The European Union or EU emerged as a political and economic union after the Second World War. It was the successor to the European Economic Community or EEC formed in 1957 via the Treat of Rome. The EU was subsequently established in 1993 via the Maastricht Treat as a more robust supranational block than EEC.
Nonetheless, the primary purpose of the EU is to promote efficiency and seamlessness in how countries in Europe handle processes concerning trade and immigration within the continent, as well as develop integrated economic policies. However, from this primary purpose are more detailed and specific purposes behind the bloc.
The Purpose of the EU: Why was the European Union Created?
Maintenance of Peace through Unification
There have been several attempts to unify various jurisdictions across Europe. For example, during and after the fall of the Western Roman Empire in 476, the fall of Constantinople in 1453, and the French Revolution beginning in 1789, notions and proposal about a supranational entity or intergovernmental organization had been recommended to stabilize the region politically and economically.
After World War II, the integration of Europe was regarded as a solution to the extreme nationalism that caused conflicts between European nations and states. Then United Kingdom prime minister Winston Churchill campaigned for the creation of the United States of Europe that would generally function similar to the United States of America.
The Council of Europe was formed in 1949 as an international organization. Take note that the perceived primary purpose of this council and thereby, the purpose of integrating Europe that time centered primarily on advancing human rights and democratic principles, while also maintaining political stability across supposed member-countries. Economic concerns and trade issues were not the primary focus at that time.
However, some statesmen and countries deemed the council ineffective. Hence, Belgium, France, Italy, Luxembourg, the Netherlands, and West Germany formed the European Coal and Steel Community in 1951 via the Treaty of Paris. This organization marked an attempt to focus integration toward economic goals and objectives, thus becoming the predecessor of EEC and subsequently, the EU.
Development of an Internal Single Market
The primary purpose of the European Union has been adopted from the collective goals and objectives of the European Economic Community. To be more specific, EU has the purpose of developing and maintaining a single market within Europe with goals and objectives revolving around free trade or free movement of goods and services, as well as the free movement of people and capital.
EEC failed to create an internal single market because it lacked effective decision-making structures and institutions. In addition, member-countries of EEC still maintain several barriers to trade to include protectionist attitudes and incompatible standards and regulations. Hence, another more specific purpose behind the creation of the EU is to create relevant structures and institutions, as well as shared economic policies, including common standards and regulations pertaining to trade.
The integration of a single economy also means the development and enforcement of other economic policies about agriculture, fisheries, resource exploitation, and regional development. EU has set specific guidelines in the proper utilization of economic resources, often setting limits to promote sustainability and ecological conservation.
As an economic bloc, the EU oversees the economic activity of the entire region. For example, it maintains a central bank and uses a unified currency. It also develops and implements policies aimed at improving the economic soundness of member-countries.
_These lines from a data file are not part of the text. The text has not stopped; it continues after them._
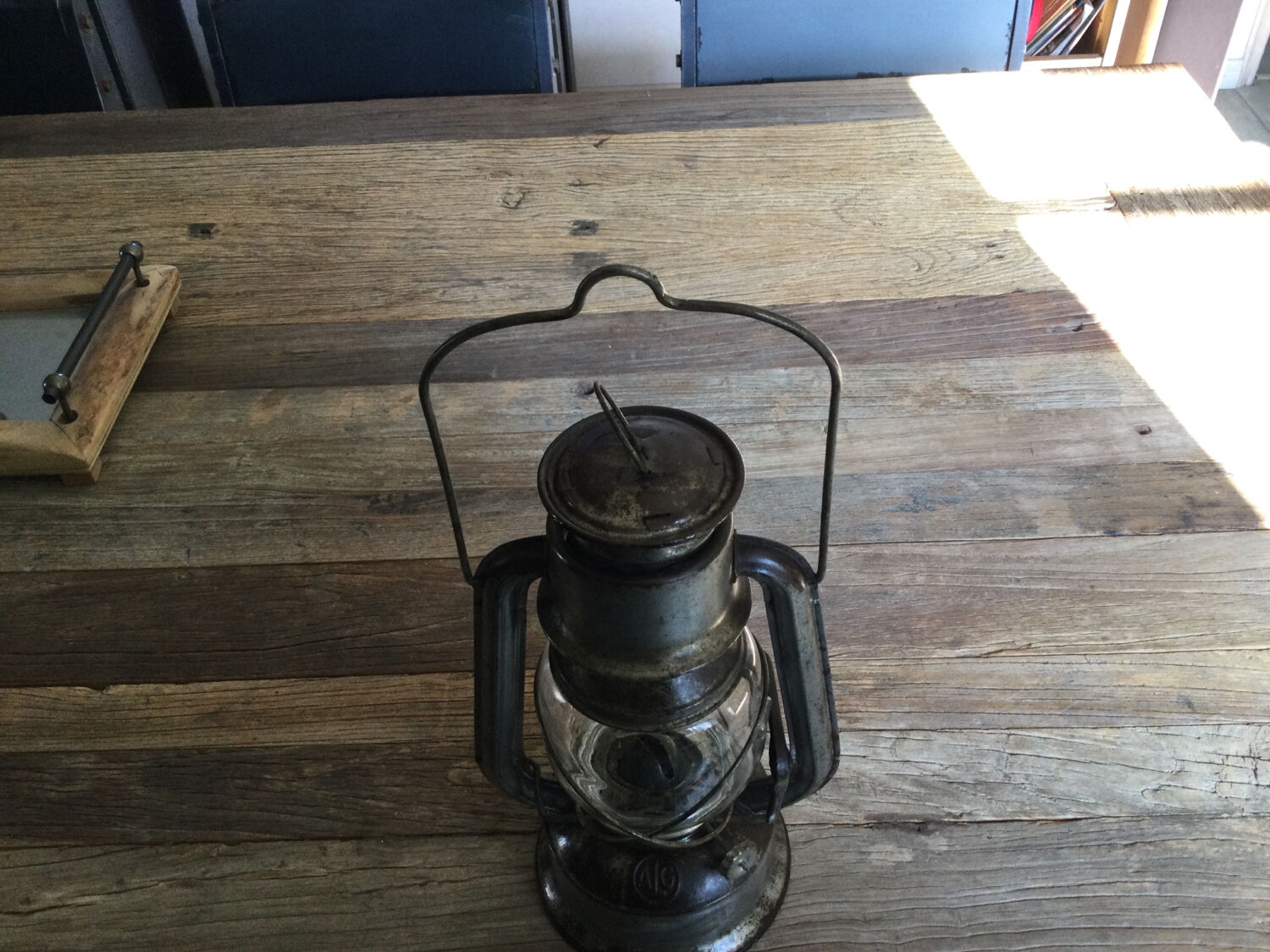 Functional kerosene lamp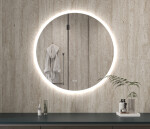 CERANO - Koupelnové LED zrcadlo Aureo - Ø 70 CER-8050BD6947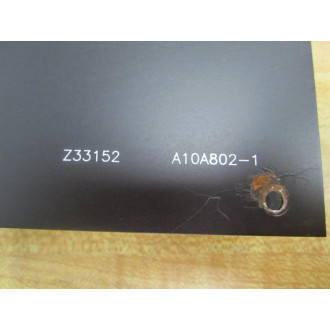 Helm Instrument Co Z33152 Controller A10A802-1 15-2521 - Used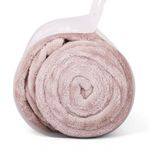 Mintra Warm Microfiber Blanket - 1 Piece - Mocca.(S)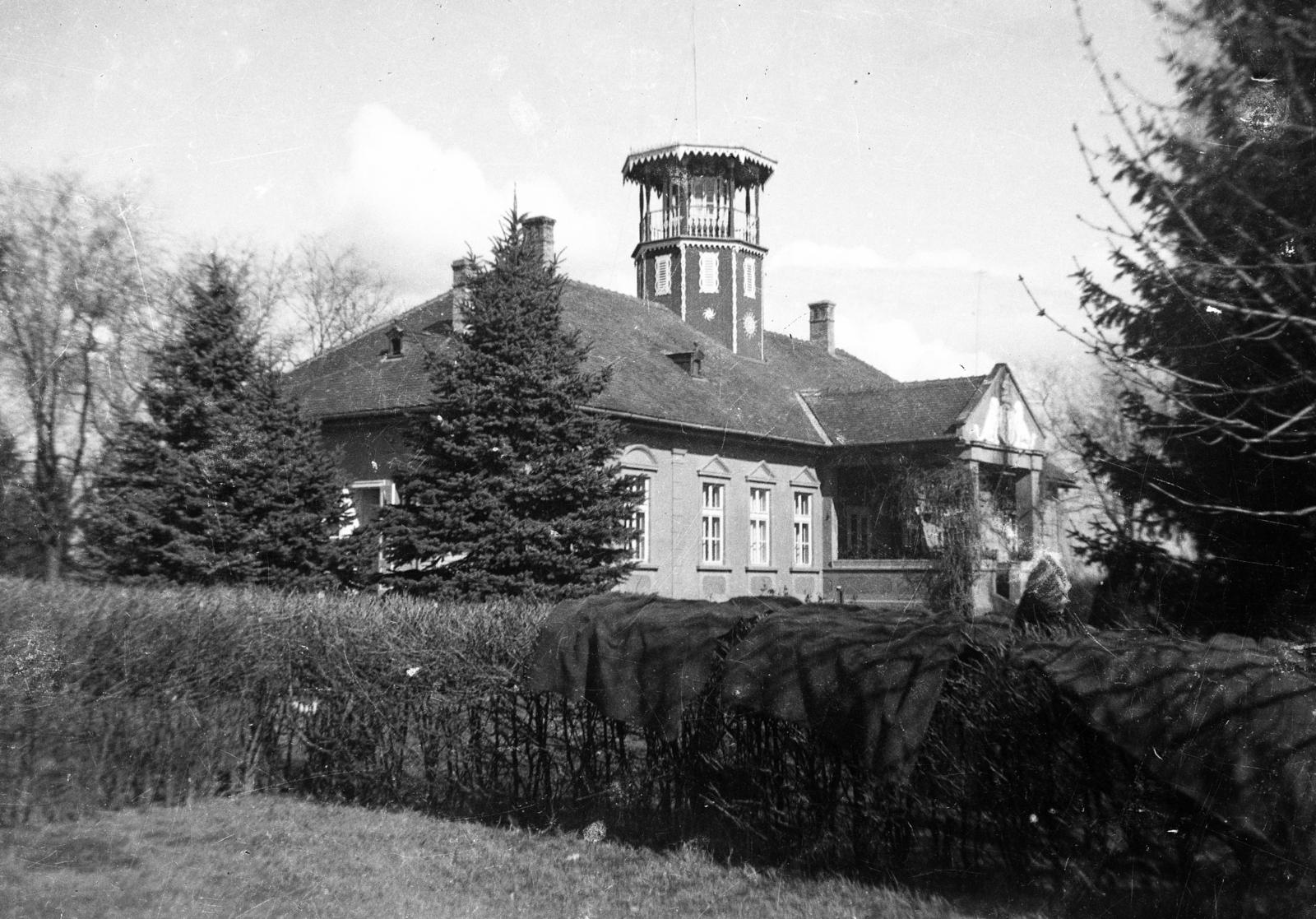 1942, Virágvölgyi István, Fortepan #295878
There are also policies geared toward tackling issues such as climate change, energy supply, and globalization.
Political Cooperation and Foreign Relations
Remember that the organization is not just an economic bloc. Another purpose of the European Union is to promote political cooperation and foreign relations among its member-countries. Part of the ideas about European integration comes from the need to maintain political stability across the continent through diplomacy or foreign relations.
However, it is important to note that international relations, in general, remains largely an intergovernmental matter, with EU member-countries controlling their foreign affairs to a large degree. Of course, there have been several instances when the EU operated as a single political actor in the international arena, particularly during trade agreements and energy matters.
There is also a unified mechanism for security and defense diplomacy and actions. EU has the Common Foreign and Security Policy department primarily responsible for such. It coordinates with the North Atlantic Treaty Organization regarding territorial defense. It also develops and participates in international peacekeeping missions and security policy forums.
Internally, the EU promotes and protects conventions pertaining to the rights of EU citizens. Note that the organization has also been founded based on values the respect human dignity, freedom, democracy, equality, and the rule of law. Member-states are required to enforce treatise signed and ratified by the EU such as the Charter of Fundamental Rights of the European Union based on the Lisbon Treaty that took effect in 2009.
A Note on the Criticism about the Purpose of the European Union
The aforementioned details about the purpose, as well as the goals and objectives or roles and responsibilities of the European Union, are general. It is important to note that the body of treatise, frameworks, agreements, and deals behind the organization is not only comprehensive but also complicated.
Consider why the United Kingdom left the EU as an example. Despite the use of a single euro currency across the EU, the U.K. has maintained the pound sterling. Another example is the Eurozone and its difference with the EU. The Eurozone is specifically a monetary union of some EU member-countries. Several non-EU countries and states have been allowed to use the euro currency.
Essentially, the EU has several issues that all boil down to bureaucracy. The integration of different governments under a single supranational government entity has brought forth conflicts due to differences or disagreements in positions. The complications and issues have represented some of the significant criticism toward the EU and toward political and economic integration within the region.